(Data section)
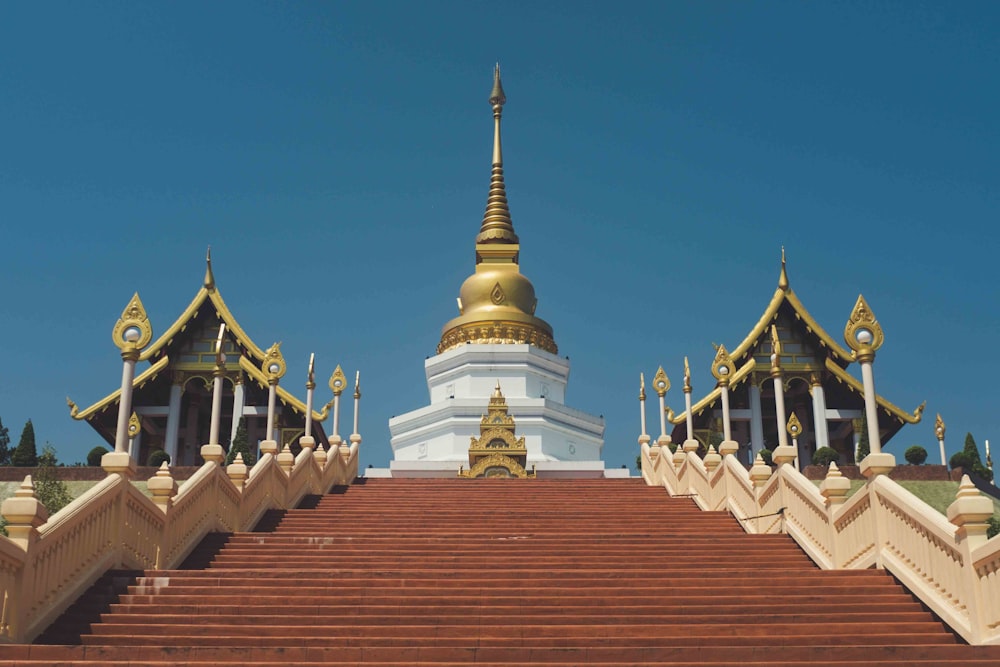 gold and white temple under blue sky during daytime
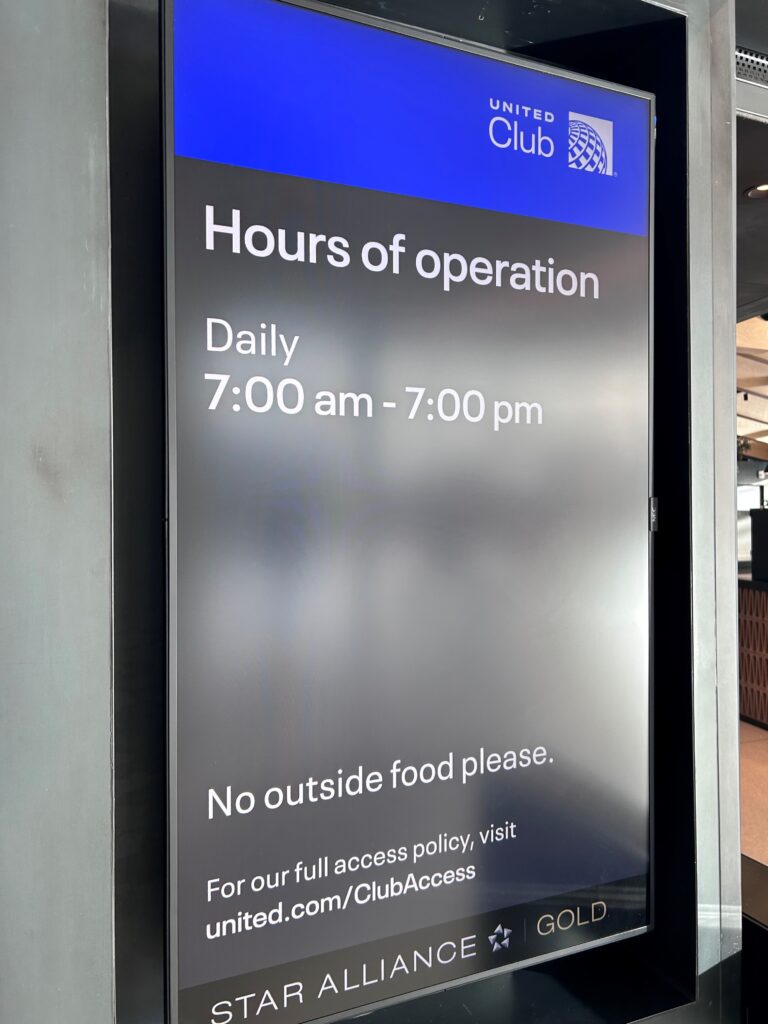 a sign with a blue and white sign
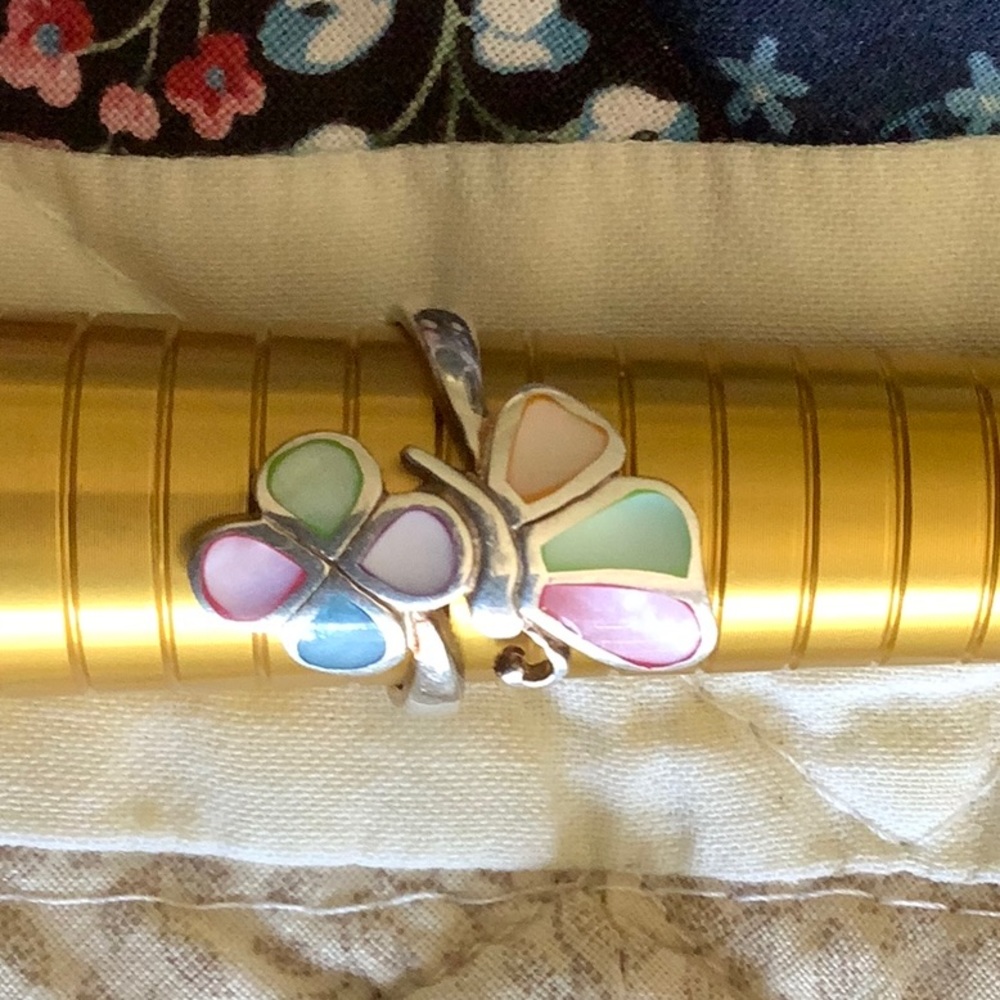 Colourful butterfly and flower ring
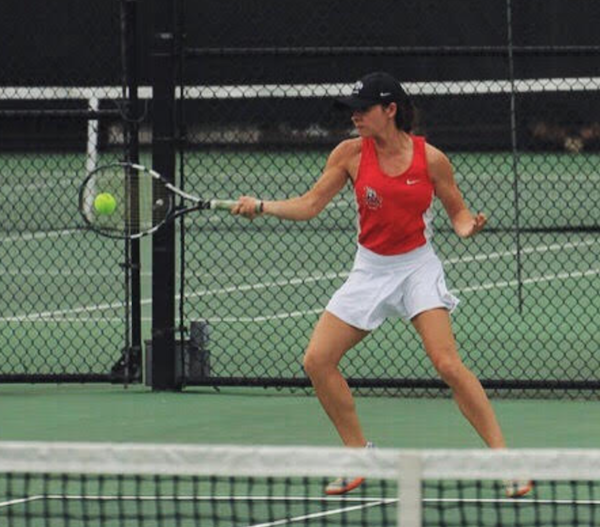 Action shot of Caroline playing collegiate tennis for Rhodes College!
(End Data section)
*Work instructions*: Only the words belong in your copy: restate the data above exactly and leave the images out.

*Written response*:
 gold and white temple under blue sky during daytime
 a sign with a blue and white sign
 Colourful butterfly and flower ring
 Action shot of Caroline playing collegiate tennis for Rhodes College!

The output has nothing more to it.